Kemal Kılıçdaroğlu, "Vatandaşlarımıza 16 Nisan ile ilgili ne söylemek isterseniz, ne yapmak lazım, ne önerirsiniz?" şeklindeki soru üzerine şunları kaydetti:

"Bir, 'Pazar günü hava güzel, sandığa gitmiyorum' sakın demesinler. Herkes mutlaka ama mutlaka sandığa gitmeli. İki, şunu rahatlıkla söylüyorum ve söylüyorum, 'evet' demenin vebali çok ağırdır, Türkiye'nin kaderi demokratik standartların yükseltmesiyle yükselir ve Türkiye dünyada itibar kazanır.

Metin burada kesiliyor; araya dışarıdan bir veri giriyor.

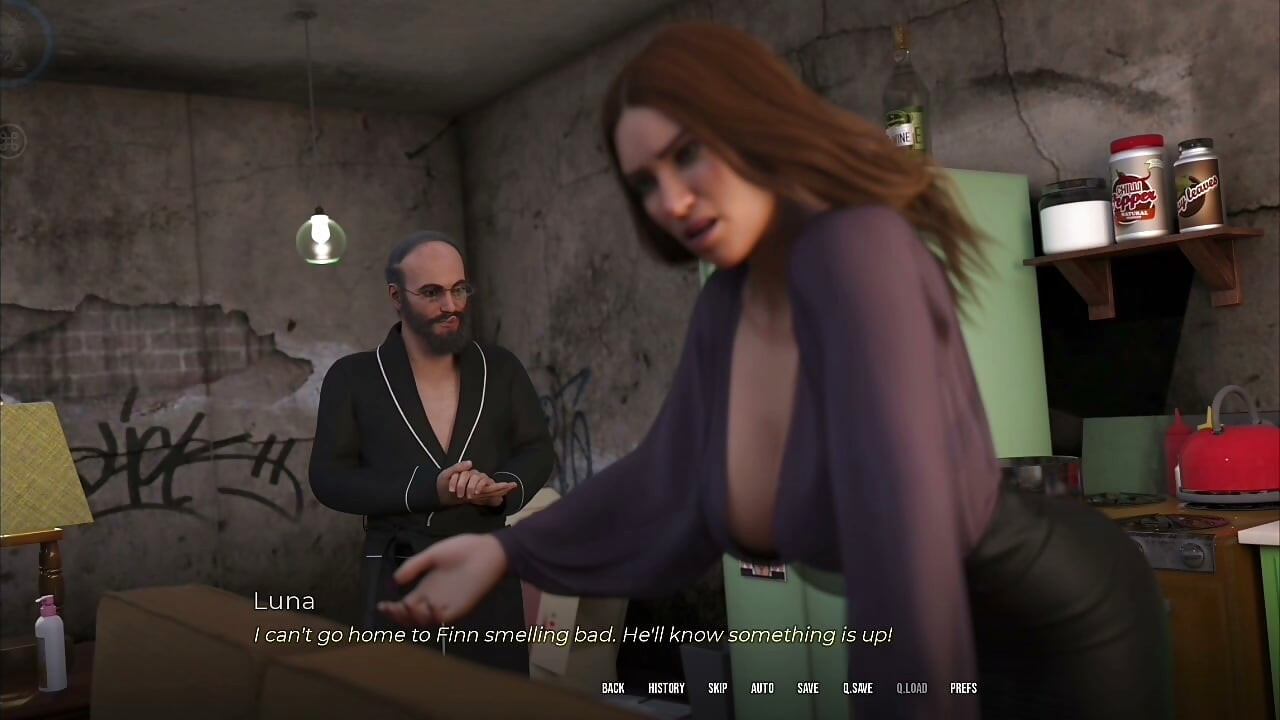 In Security- Luna Cleans Old Pervert Gary’s Apartment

Üç, 'Efendim, gideceğim de sandıkların güvenliği sağlandı mı, sağlanmadı mı?' Bu konuda hiçbir tereddüt olmasın hiçbir vatandaşımda. Sandıkların gerekli güvenliği sağlanmıştır. Sadece bizim partililer değil, gönüllü arkadaşlar var, sivil toplum örgütleri var. Gerçekten de genç avukatlar var. Nerede bir sorun çıktığında derhal o avukat arkadaşlarımız gidecekler ve o sorunla ilgilenecekler. Dolayısıyla sandığa gidelim, Türkiye'nin bekası için, Türkiye'nin demokrasisi için, evlatlarımız için, çocuklarımız için kahverengine, tercihimizi kullanalım. Hayırın altına mührümüzü basalım. Bu Türkiye'nin geleceği için çok önemlidir."